Copy out the entries word for word, leaving images aside.

.....

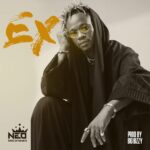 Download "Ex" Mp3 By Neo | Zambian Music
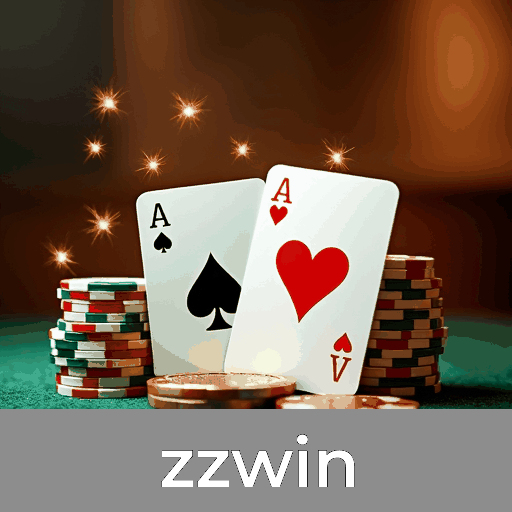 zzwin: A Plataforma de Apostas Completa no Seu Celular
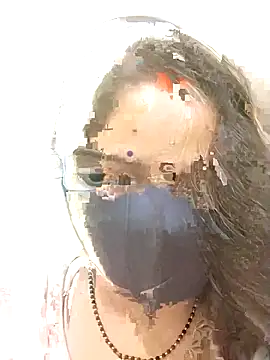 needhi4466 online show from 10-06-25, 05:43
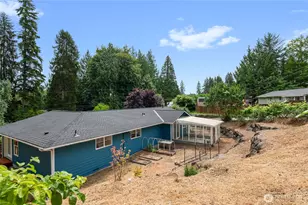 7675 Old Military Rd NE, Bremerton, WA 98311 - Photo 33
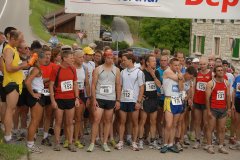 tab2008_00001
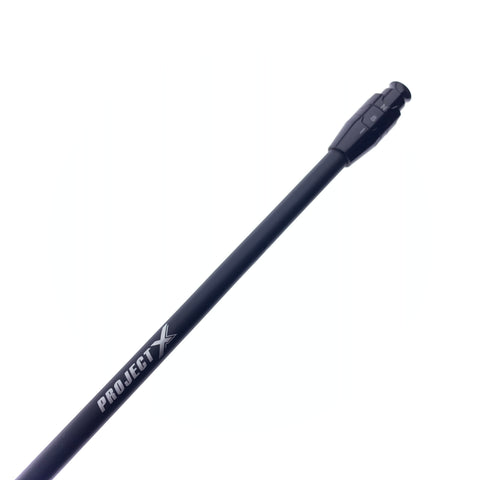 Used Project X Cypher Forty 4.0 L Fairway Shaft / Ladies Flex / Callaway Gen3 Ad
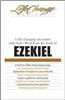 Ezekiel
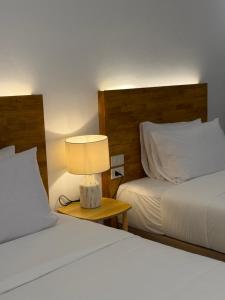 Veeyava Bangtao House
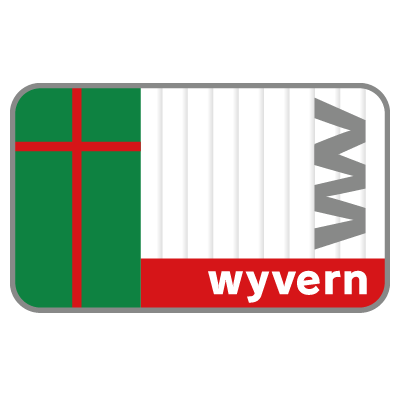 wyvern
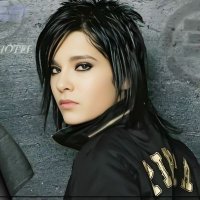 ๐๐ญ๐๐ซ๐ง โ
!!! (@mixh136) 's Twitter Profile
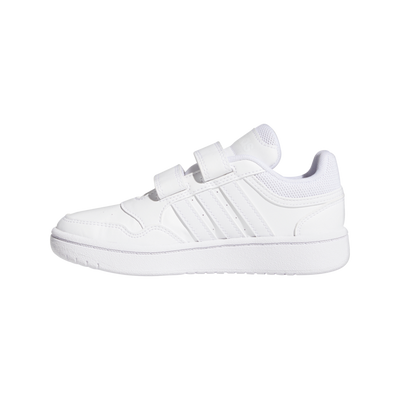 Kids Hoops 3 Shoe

.....

RESPONSE TO THIS TASK:
 Download "Ex" Mp3 By Neo | Zambian Music
 zzwin: A Plataforma de Apostas Completa no Seu Celular
 needhi4466 online show from 10-06-25, 05:43
 7675 Old Military Rd NE, Bremerton, WA 98311 - Photo 33
 tab2008_00001
 Used Project X Cypher Forty 4.0 L Fairway Shaft / Ladies Flex / Callaway Gen3 Ad
 Ezekiel
 Veeyava Bangtao House
 wyvern
 ๐๐ญ๐๐ซ๐ง โ
!!! (@mixh136) 's Twitter Profile
 Kids Hoops 3 Shoe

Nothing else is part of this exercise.